APARAJITA GHOSH  |  23 OCTUBRE 2021  |  ROUTED Nº17  |  TRADUCIDO DEL INGLÉS POR 
Aparajita Ghosh - Rina Korolkar with mother at Mumbai  Airport migrating to Israel.jpg

Rina Korolkar with her mother at Mumbai Airport, migrating to Israel. Picture provided by the author.

As Maharashtra’s close-knit community of Bene Israeli and Baghdadi Jews permanently plans to migrate to their holy land, the small but visible Jewish diaspora is diminishing gradually in India. An extensive population of 65,000 Jews, which migrated to India, has dwindled over the years.

 

The Bene Israelis, according to different accounts, have been residing in Maharashtra for the past 2,200 years. Their ancestors were shipwrecked at Navgaon in Maharashtra’s Raigad district. The community predominantly lived in the outskirts of Maharashtra and were initiated into the business of oil pressing.

 

Unlike the Bene Israelis, Baghdadi Jews migrated in the eighteenth century, according to historians. The community has Iraqi, Afghani, Arabic, and Persian-speaking Jews who migrated from Iraq, Basra, Mosul, and Syria.
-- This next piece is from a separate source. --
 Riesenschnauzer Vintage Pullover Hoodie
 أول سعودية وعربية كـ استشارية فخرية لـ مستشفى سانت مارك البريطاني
‘My father migrated from Iraq in the early nineteenth century. He eluded oppression, married here and provided jobs to multiple migrating Jews at the chains of Sassoon mills’, said Ellis Jacob, a member of the Baghdadi Jewish community and an official at Magen David Synagogue.

 

The Sassoons, renowned for landmarks erected in Bombay (present-day Mumbai) fled from Baghdad escaping ‘persecution’, participated in the opium trades with China and served the East India Company.

 

They later constructed multiple Jewish schools like Sir Jacob Sassoon, E.E.E. Sassoon, and Sir Elly Kadoorie School in Mumbai where Hebrew is taught to the Jewish children. The community built infrastructures such as David Sassoon Library, the Sassoon Building of the Elphinstone Technical Institute, and Sassoon Docks, and made substantial donations for the construction of the historical Gateway of India in Mumbai.

 

Although the schools provide Hebrew courses, there are no Jewish children left to teach.

‘Scarcely any member knows Hebrew here, but we do not compromise on humanity’, said Samuel Bamnolkar, a Bene Israeli and President of Sha'ar Hashamayim Synagogue in Thane. Besides, as the community migrates, Israel provides six months and extendable obligatory Hebrew language courses to the Jews on arrival.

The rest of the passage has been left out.